Tembloroso y con cuidado de entrar en el círculo correcto, el dedo repite la operación nueve veces. Cada giro, daba igual el número elegido, parecía durar una eternidad. Pero eso no era lo peor, ni mucho menos. El siguiente paso era esperar que no estuviese comunicando. A medida que se sucedían los tonos de llamada, el corazón, ya completamente desbocado, se unía a la cabeza para implorar una plegaria que hiciera que el aparato fuese descolgado por ella.
“Por favor, que no lo cojan sus padres”.
Aquello sí que era suspense puro y no alguna película de ese género.
Lo más avanzado en tecnología que conocíamos eran los zapatófonos de Mortadelo y Filemón, pero lo que llegó no se parecía en nada a esos artefactos.
Los primeros que se vieron tenían más pinta de arma arrojadiza, de las que podían hacer mucho daño, que de teléfono.
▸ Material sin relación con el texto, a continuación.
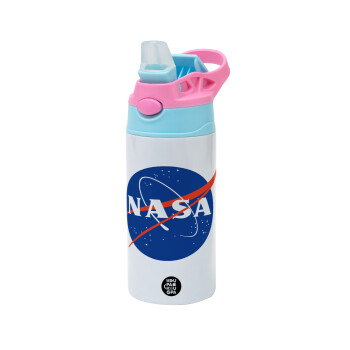 Nasa, Children's hot water bottle, stainless steel, with safety straw, Pink/BlueCiel (360ml) BPA FREE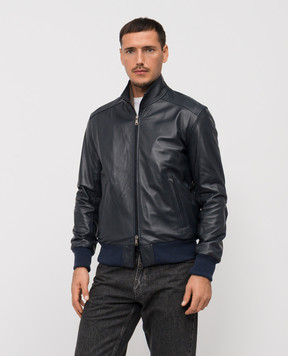 Cashmere&Whiskey Blue leather jacket DF272NAPPA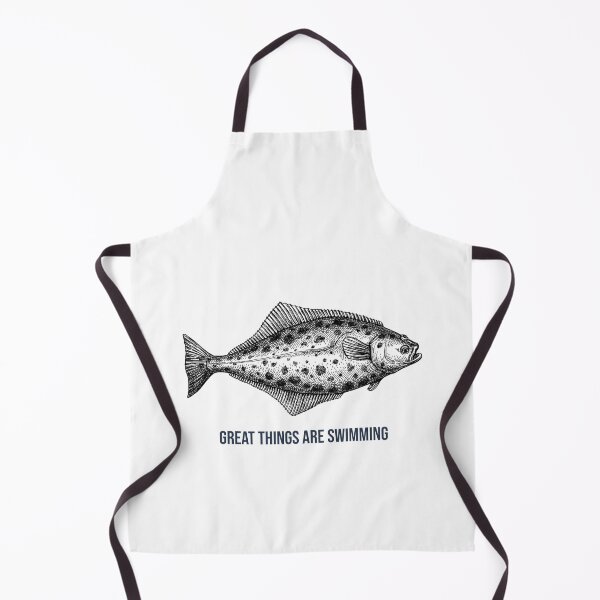 Item preview, Great Things Are Swimming. Funny Halibut fishing design designed and sold by SofikoDesigns.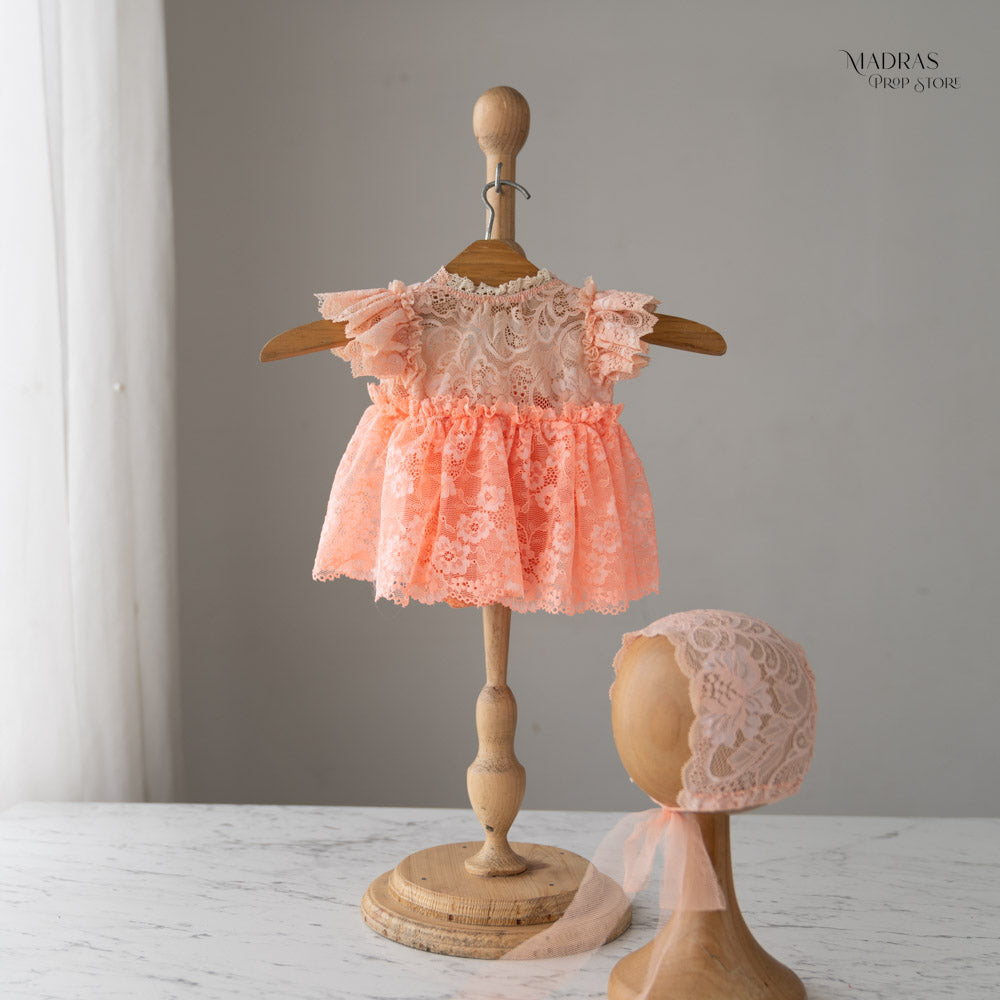 Kumoto Peach Gown With Bonnet | Newborn | KM015 : Baby Props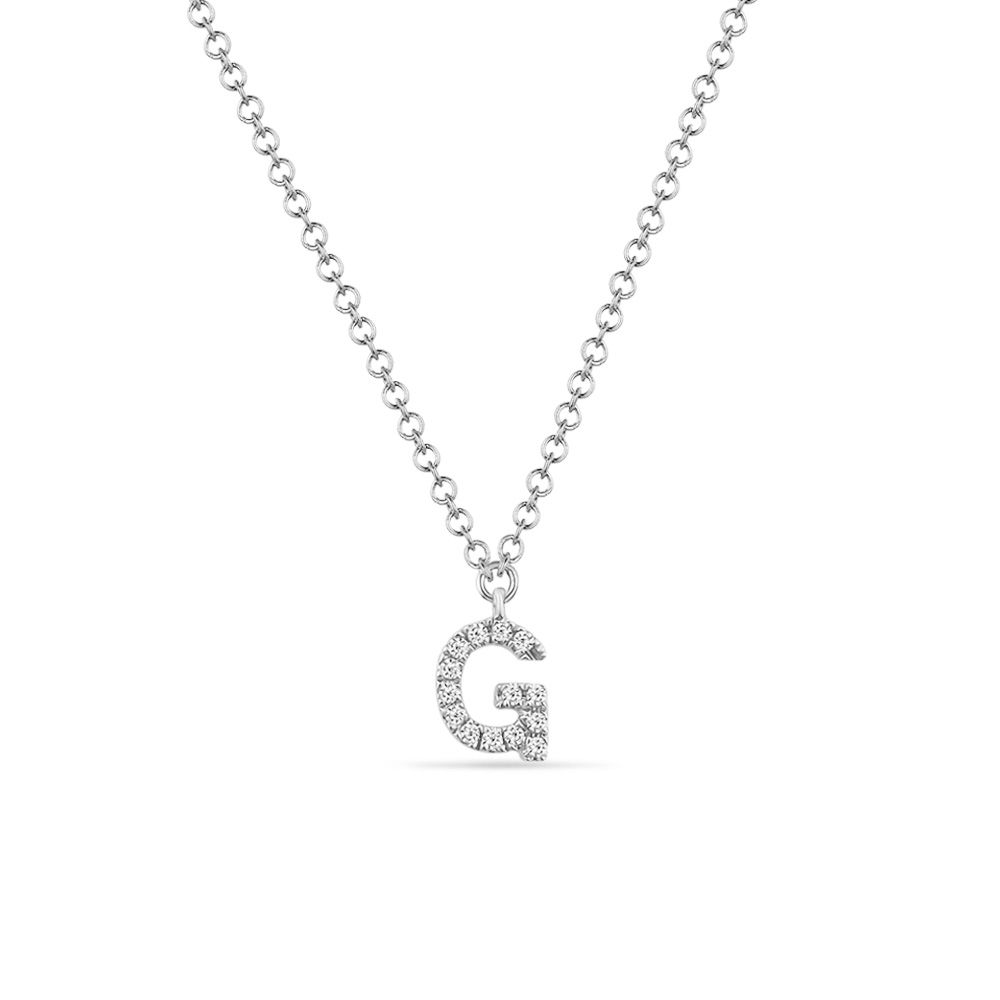 Halskette Letter G, 14 K Weigold mit Diamanten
No en vano, se les conocía como ladrillos.
Por suerte, la cosa no quedó ahí y el invento, totalmente inimaginable pocos años antes, fue evolucionando a la medida que reducía su tamaño. De hecho, algunos llegaron casi a medir lo mismo que un encendedor Zippo, que era considerado todavía como un objeto selecto.
La evidencia de que el móvil había llegado para quedarse se certificó cuando se le añadió la facultad de ejercer como cámara fotográfica. A partir de entonces, ya no se ahorraba para comprar ropa o zapatillas de marca. El objetivo indiscutible pasó a ser, costase lo que costase, el teléfono más moderno del momento.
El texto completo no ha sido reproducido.